Başta Türk Ceza Kanunu, Terörle Mücadele Kanunu ve Ceza Muhakemeleri Yasasında çağdaş hukuk tanımlarına uygun iyileştirmelerin biran önce yapılması gerekmektedir. Avrupa İnsan Hakları Sözleşmesi ile Avrupa İnsan Hakları Mahkemesi kararlarını dikkate almayan yasama çalışmaları ile uygulamaların değişmesi gerektiği tartışmasız bir gerçektir. Adalet Bakanlığının Ocak ayında Türkiye Büyük Millet Meclisi'ne sunduğu ve yasalarda görece iyileştirmeler yapan paketinden ise günümüze kadar hala olumlu bir gelişme görülmemesini de ilginç buluyoruz.

2. Çalışma mevzuatı:

Basın-İş Yasası olarak adlandırdığımız 212 sayılı Yasa ile değişik 5953 Sayılı Yasa, neredeyse uygulamadan kaldırılmıştır. 1952 yılında çıkarılan yasanın uygulanmaması halinde caydırıcı yaptırımı olmadığından, gazetecilerin çalışma güvenlikleri yok denecek düzeye indirgenmiştir. Gazetecilerin yıpranma haklarının kaldırılması ise zaten son derece güç koşullarda çalışan muhabir, kameraman, foto muhabirlerinin durumlarını daha da güçleştirmiştir. Halkın haber alma ve doğru yansız bilgilenme hakkına zarar veren bu durumun düzeltilmesi için TGC önerilerini Başbakan'a ve ilgili bakanlara iletmiştir.

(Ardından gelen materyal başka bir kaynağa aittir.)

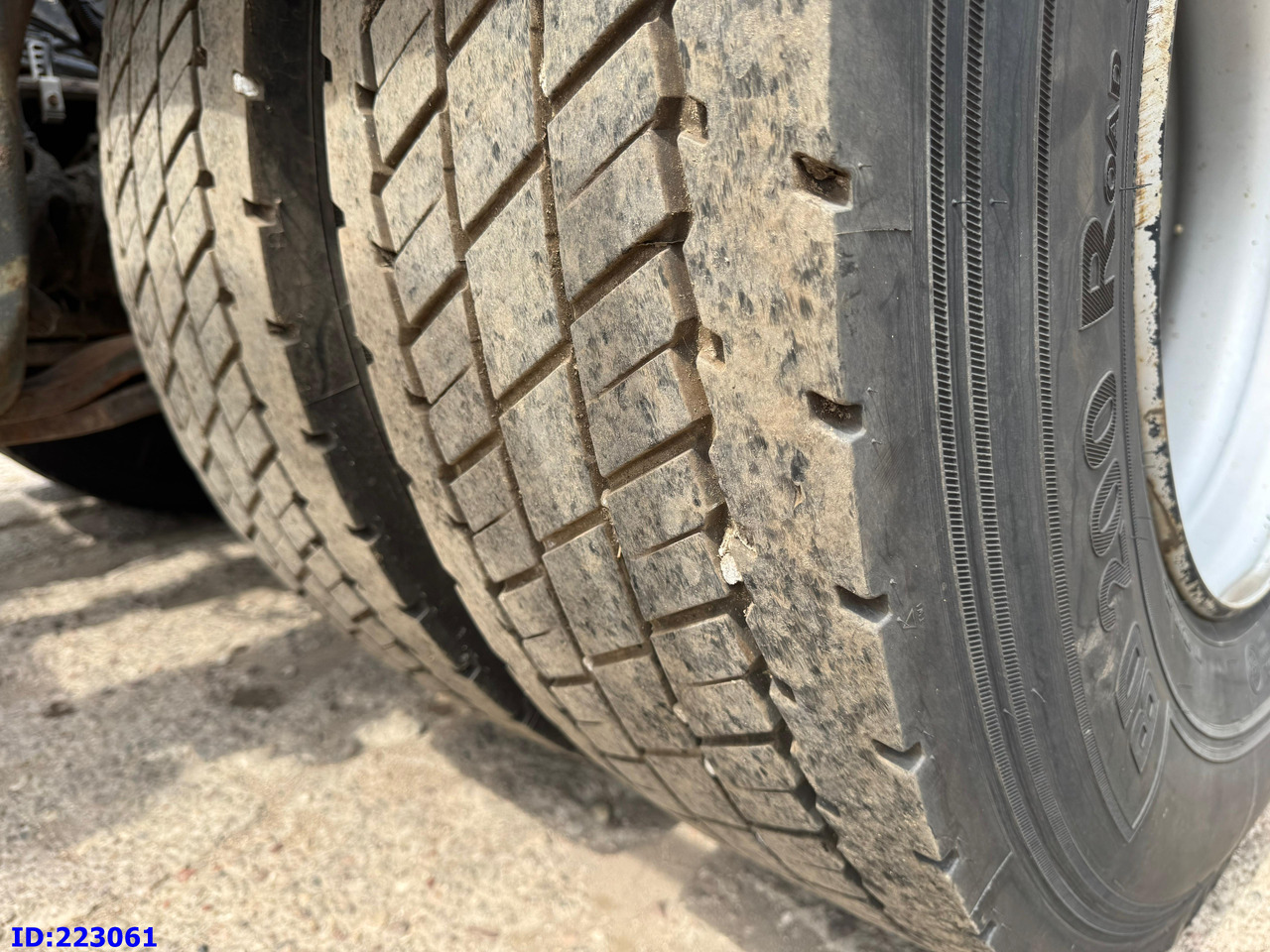 Châssis cabine SCANIA R480 6X2  3 Pedals: photos 7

3. Medyanın yapılanması, Siyasetin ve sermayenin müdahalelerine karşı koyacak bir nitelik taşımamaktadır.

Özellikle ana akım medyada editoryal bağımsızlığın sağlanamaması gördüğümüz en önemli olumsuzluktur. Gazetecilik mesleğini gerçekleştirmek günümüz koşullarında daha da zorlaşmıştır. Tutuklu gazeteci sayısının 100 dolayında olduğu, gazeteciler hakkında açılmış davaların ise 10 bini bulduğu bir ülkede basın özgürlüğünden söz etmek olanaksızdır. Bu yıl da basın özgürlüğü sıralamasında Türkiye'nin 197 ülke arasında 117'inci sırada ve kısmen özgür ülkeler arasında yer bulmasını ülkemize yakıştıramıyoruz.

Bütün bunların ışığında Dünya Basın Özgürlüğü Günü'nde gazetecilere yönelik gözaltı, tutuklama mahkûmiyet, saldırı, yaralama ve cinayet gibi basın özgürlüğü ihlallerinin artık son bulmasını istiyoruz.

Editoryal bağımsızlığı ortadan kaldıran, basını oto sansüre yönelten baskıların kaldırılmasını talep ediyoruz.

Olağanüstü dönemlerin ürünü olan Devlet Güvenlik Mahkemelerinin devamı niteliğinde gördüğümüz Özel Yetkili Mahkemelerin kaldırılmasını bekliyoruz.